Zweckdienlich könnte es sein, fürs erste überschaubare regionale Verwaltungseinheiten zu schaffen, die durch zusammenhängende schulische Problemlagen charakterisiert sind, und dort über die gemeinsam benötigten Ressourcen zu verfügen. Eine Preisgabe alter Schrebergärten. Noch einen Schritt weiter käme man, wenn die Überschaubarkeit von Bildungsregionen dazu benutzt würde, breite sachpartnerschaftliche Arbeitsnetzwerke einzurichten. Beteiligung hieße dann das Prinzip. Sie würde die Qualität und Repräsentativität der wechselseitigen Information wesentlich erhöhen.

IV. Baustelle Schulentwicklung

Naturgemäß brächte das alles schöpferische Unruhe mit sich, und diese ist nicht gerade ein Markenzeichen der österreichischen Schulpolitik. In Hinblick auf pädagogische Fortschrittlichkeit liebt es die Schulpolitik rechtlich verantwortungsfrei zu bleiben und sich Handlungsoptionen ohne Verpflichtung auf eine bestimmte Logik und eine parlamentarisch kontrollierbare Programmatik vorzubehalten.
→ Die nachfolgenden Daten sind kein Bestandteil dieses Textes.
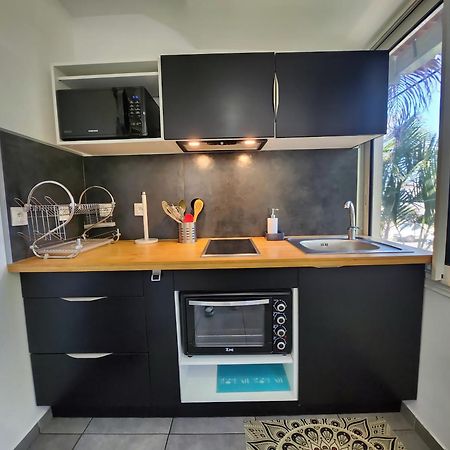 Le Manguier Apartment แซ็ง-ปีแยร์ ภายนอก รูปภาพ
Dies stärkt jedenfalls nicht sachliche Evidenz und demokratisches Vertrauen.

Recht auf Experimente

Unter diesen Vorzeichen muss man wohl alle Versuche begrüßen, neue Areale der Konvergenz zu schaffen. Die Einrichtung von Bildungsregionen wäre dafür ein geeigneter Anlass. Die Politik sollte dieses Tauwetter konsequenterweise gleich zum Prinzip erheben, operative Freiräume generell erweitern und den Schulen ein ausdrückliches Recht auf innovative Experimente einräumen. Die monierte Gesamtschulfrage wäre damit grundsätzlich nicht vom Tisch.
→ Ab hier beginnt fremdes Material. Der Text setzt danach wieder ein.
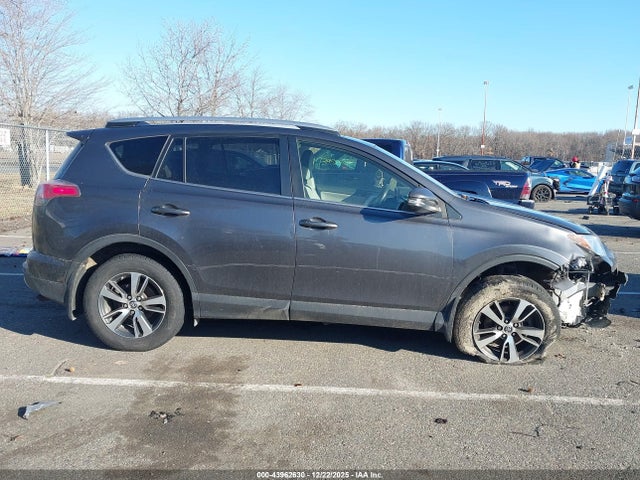 Toyota Rav4 Xle 2018 JTMRFREV4JJ736286 Image 13
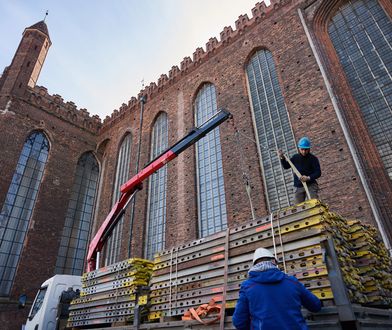 "Niemcy zburzą polski kościół". Ile prawdy jest w tej historii?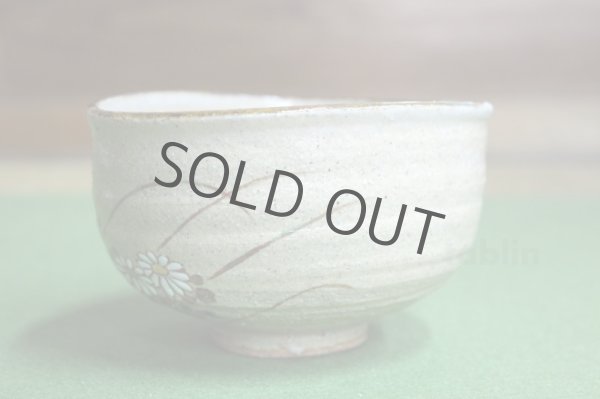 Photo2: Kiyomizu Kyoto porcelain Japanese matcha tea bowl chawan Kutsugata chrysanth (2)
Wer politische und sonstige Widersprüchlichkeiten als unproduktiv zurückweist, wird sich einigermaßen schwer tun diese Entwicklungsautonomie einzufordern. Vielleicht mag ihn beruhigen, dass ein Recht von Schulen auf Innovationen nie völlig auflagenfrei festgeschrieben werden könnte. Wie nämlich Innovationen letztlich nur den Sinn haben können, Beiträge zur Erhöhung der Gesamtqualität des Bildungswesens zu leisten, so kann das Recht auf schulische Experimente letztlich nur den Sinn haben, erprobte good practice später allen zu gestatten und Überholtes legistisch zu tilgen. Mit Wissenschaftlichkeit als Brücke, aufgrund einer durchgängigen Vernetzung mit einer breit angelegten Bildungsforschung. Statt funktionierender Strukturen würden dann durch die ungeliebten Reformer nur mehr nicht-funktionierende ruiniert.

Wäre das nicht eine akzeptable Einladung an alle Akteure, sich vor neuen Herausforderungen nicht weiter heftig zu fürchten?

Der Autor ist Erziehungswissenschafter, war Hauptschullehrer und lange Zeit in der Schulverwaltung tätig.